- **Problem to solve**
Look in the material below for the line with "開花期間2週間という短い間に" and the line with "Indo-Pacific bottlenose dolphin, Tursiops", then set down exactly those two lines and all lines between, nothing more.

- **Input for this task**
# # # # #
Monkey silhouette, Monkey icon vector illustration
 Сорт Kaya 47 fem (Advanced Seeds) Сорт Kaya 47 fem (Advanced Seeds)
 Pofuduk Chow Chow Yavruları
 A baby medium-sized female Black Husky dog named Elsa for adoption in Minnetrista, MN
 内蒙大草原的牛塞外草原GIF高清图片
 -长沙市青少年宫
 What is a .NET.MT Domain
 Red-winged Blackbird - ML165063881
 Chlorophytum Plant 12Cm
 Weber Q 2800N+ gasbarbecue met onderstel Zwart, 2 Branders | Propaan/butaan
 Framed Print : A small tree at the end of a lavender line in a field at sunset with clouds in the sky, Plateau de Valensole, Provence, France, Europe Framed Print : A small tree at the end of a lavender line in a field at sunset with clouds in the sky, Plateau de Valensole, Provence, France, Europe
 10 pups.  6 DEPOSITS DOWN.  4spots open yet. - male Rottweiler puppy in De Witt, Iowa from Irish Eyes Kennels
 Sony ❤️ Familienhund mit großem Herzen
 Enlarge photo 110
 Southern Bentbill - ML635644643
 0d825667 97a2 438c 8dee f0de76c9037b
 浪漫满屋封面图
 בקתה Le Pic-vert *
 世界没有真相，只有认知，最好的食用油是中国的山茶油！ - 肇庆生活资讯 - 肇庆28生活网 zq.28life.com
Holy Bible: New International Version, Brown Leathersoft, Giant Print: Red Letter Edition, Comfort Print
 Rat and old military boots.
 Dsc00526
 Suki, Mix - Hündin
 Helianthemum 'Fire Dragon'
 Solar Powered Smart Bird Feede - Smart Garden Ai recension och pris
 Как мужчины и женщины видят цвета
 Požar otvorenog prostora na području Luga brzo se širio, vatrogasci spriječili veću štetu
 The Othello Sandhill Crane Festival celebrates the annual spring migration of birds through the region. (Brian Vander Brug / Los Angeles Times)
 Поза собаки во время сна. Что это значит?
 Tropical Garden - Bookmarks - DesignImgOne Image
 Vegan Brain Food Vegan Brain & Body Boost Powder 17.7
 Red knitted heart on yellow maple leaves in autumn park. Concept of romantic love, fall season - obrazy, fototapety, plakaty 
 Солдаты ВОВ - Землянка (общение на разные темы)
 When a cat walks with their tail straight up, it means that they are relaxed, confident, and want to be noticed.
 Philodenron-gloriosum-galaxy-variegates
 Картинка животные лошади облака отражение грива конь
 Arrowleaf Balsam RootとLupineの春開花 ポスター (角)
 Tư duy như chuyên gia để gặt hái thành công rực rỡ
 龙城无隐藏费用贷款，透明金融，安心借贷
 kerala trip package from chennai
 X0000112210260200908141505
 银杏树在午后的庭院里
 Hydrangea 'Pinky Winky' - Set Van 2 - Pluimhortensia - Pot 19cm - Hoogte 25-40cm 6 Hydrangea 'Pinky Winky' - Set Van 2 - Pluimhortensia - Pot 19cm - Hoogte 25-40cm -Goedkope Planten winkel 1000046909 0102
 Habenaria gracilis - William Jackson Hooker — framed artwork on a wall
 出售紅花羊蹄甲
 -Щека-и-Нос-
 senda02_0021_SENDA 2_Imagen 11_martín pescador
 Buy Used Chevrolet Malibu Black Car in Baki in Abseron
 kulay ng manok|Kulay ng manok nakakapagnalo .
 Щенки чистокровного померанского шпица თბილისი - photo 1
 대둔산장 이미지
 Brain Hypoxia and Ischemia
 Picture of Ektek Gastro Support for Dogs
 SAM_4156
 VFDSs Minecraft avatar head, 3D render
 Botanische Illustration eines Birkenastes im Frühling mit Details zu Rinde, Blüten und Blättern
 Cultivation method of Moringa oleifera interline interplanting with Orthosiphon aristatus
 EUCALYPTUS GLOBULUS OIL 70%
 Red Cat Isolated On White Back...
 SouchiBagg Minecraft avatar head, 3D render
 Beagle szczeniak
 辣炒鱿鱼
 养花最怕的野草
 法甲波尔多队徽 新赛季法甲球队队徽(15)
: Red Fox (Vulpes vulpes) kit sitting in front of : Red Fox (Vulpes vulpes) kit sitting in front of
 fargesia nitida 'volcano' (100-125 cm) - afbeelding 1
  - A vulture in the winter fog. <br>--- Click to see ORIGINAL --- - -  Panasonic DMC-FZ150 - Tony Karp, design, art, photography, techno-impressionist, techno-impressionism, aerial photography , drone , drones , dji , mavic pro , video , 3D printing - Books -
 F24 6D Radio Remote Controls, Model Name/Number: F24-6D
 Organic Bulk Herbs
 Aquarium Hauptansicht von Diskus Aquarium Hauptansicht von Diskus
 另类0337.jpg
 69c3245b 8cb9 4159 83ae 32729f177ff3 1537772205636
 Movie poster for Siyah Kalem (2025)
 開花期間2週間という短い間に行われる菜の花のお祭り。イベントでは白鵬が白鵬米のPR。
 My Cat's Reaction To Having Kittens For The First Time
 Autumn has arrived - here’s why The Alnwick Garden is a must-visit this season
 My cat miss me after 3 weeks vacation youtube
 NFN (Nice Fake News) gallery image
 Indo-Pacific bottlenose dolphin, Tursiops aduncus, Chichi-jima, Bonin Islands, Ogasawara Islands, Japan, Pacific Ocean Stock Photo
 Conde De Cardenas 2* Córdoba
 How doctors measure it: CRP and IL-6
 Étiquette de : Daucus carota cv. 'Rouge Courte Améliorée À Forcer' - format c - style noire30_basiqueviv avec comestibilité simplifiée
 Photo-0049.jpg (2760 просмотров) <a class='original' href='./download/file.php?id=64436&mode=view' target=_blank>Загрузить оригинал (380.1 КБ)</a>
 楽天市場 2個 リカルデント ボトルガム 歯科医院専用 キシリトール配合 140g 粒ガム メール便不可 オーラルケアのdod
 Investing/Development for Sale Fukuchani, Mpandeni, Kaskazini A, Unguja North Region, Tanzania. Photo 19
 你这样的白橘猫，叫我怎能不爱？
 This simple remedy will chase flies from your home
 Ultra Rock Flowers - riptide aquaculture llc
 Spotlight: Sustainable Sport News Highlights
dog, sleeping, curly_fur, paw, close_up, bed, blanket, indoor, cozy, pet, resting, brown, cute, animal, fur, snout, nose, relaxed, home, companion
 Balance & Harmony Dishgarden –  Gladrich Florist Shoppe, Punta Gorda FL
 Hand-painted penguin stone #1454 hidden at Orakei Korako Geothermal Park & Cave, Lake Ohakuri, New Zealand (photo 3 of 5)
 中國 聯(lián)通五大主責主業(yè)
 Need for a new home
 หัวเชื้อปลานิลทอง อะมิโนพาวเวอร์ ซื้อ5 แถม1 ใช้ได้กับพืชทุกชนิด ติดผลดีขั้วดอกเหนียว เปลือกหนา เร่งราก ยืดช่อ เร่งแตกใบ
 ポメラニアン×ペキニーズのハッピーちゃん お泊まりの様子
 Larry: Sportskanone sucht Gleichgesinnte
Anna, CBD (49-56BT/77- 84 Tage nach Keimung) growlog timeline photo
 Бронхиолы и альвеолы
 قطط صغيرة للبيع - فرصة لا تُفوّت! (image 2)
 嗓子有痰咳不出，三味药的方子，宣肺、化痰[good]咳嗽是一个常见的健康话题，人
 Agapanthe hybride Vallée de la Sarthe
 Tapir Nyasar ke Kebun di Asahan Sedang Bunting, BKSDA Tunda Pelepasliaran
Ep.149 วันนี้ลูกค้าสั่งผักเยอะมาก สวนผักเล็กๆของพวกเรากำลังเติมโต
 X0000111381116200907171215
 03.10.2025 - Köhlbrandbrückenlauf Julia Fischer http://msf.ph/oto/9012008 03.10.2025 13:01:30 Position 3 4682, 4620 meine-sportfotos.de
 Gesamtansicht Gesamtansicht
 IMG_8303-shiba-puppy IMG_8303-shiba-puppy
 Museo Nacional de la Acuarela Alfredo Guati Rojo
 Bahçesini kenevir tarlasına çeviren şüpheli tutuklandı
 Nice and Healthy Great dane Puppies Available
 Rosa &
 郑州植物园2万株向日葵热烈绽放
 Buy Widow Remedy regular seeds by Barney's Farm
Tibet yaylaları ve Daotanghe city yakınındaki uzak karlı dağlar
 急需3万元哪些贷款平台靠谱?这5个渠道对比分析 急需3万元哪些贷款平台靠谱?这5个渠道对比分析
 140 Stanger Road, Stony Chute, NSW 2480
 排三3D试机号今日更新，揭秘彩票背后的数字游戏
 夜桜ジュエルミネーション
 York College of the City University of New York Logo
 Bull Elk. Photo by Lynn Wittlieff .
# # # # #
- **Answer for the task**
 開花期間2週間という短い間に行われる菜の花のお祭り。イベントでは白鵬が白鵬米のPR。
 My Cat's Reaction To Having Kittens For The First Time
 Autumn has arrived - here’s why The Alnwick Garden is a must-visit this season
 My cat miss me after 3 weeks vacation youtube
 NFN (Nice Fake News) gallery image
 Indo-Pacific bottlenose dolphin, Tursiops aduncus, Chichi-jima, Bonin Islands, Ogasawara Islands, Japan, Pacific Ocean Stock Photo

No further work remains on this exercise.